Breaking Bad will be airing its final eight episodes this summer and I want us all to be ready! Look for recaps, reminders, and all manner of oddities as "Walter White Wednesday" resumes operation by the end of January.
I kicked off 2013 by seeing Tarentino's latest, Django Unchained, which is his homage to spaghetti Westerns twisted round a unique take on the "blaxploitation" films of the 1970s. Now, Tarentino's violence-drenched bloodfests are not everyone's cup of entertainment tea and that's fine. Django is hyper-violent - to the point of almost being cartoonish, but not quite crossing that line. It's rated R for several thousand very good reasons. We live in a society that has deemed certain words too crass to even utter aloud, especially when those words are racial slurs. Django wastes no time and gets immediately in the audience's face about that. The film also shows the casual barbarity that comes with a slave-holding society. Human beings are shot, beaten, and tortured for trying to escape a system that would allow them to be shot, beaten, and tortured. It's harsh and brilliantly sets up the revenge fantasy that is at the heart of Django, with an unexpected German angle coming at the audience through a (very) broad retelling of the tale of Siegfried and Brunhilde.

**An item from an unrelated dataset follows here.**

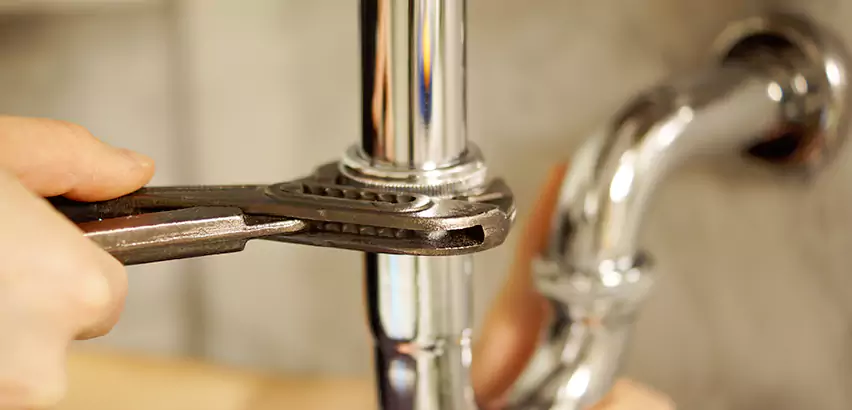 Scope of Pipe Installation Services in Butler, PA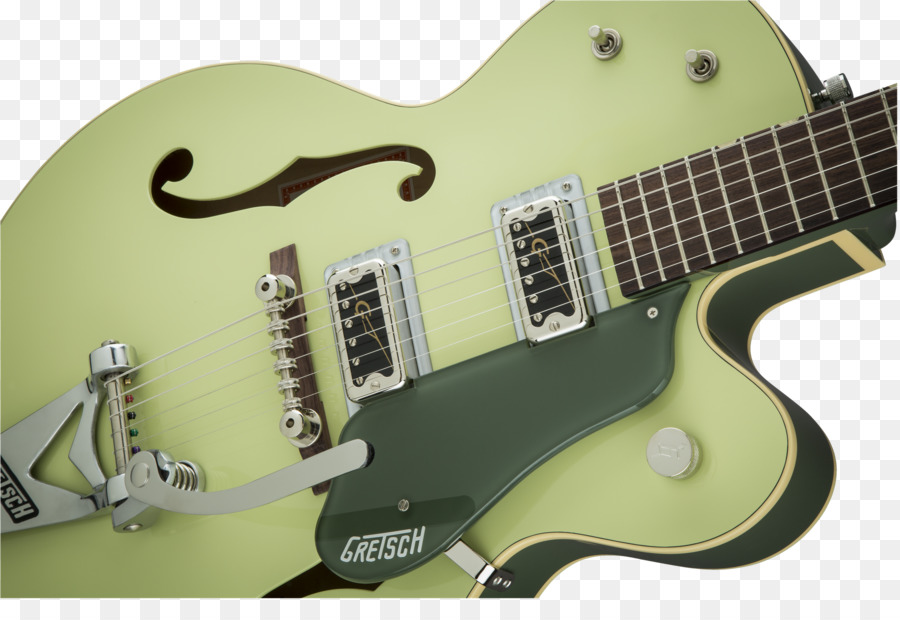 Guitare électrique，Acousticelectric Guitare PNG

I liked the film - much more than I expected to - in part due to Tarentino's eye for framing violence in a way that makes you remark on the beauty of it, while still decrying the horror. A case in point is a quick shot toward the beginning of the movie involving bright green cotton stalks, puffy white bolls, and a spray of blood.
Is Django accurate? Heck, no (my companion pointed out that a Winchester repeating rifle is prominently carried by one character - a gun that wasn't invented for a good 20 years after the movie is set, but anachronisms are part of the spaghetti Western genre, so I'll let that slide) but it's not intended to be a documentary, either. Jaime Foxx and Kerry Washington (who worked together on the film Ray) never let you forget that slavery is about real, actual people being stripped of their humanity. Django also has plenty of scenery chewing - Leonardo diCaprio seems to be having great fun and Christoph Waltz (who brilliantly played the evil Nazi Hans Landa in Tarnetino's Inglourious Basterds, for which he won the Academy Award for Best Supporting Actor) is magnificent, with cameos by a host of spaghetti Western actors and others. For example, Don Johnson is hilarious and Jonah Hill has a tiny role that'll leave you laughing.
Laughing at racism - who'd have thought? Django does it differently (and far bloodier) than Blazing Saddles, but they both work.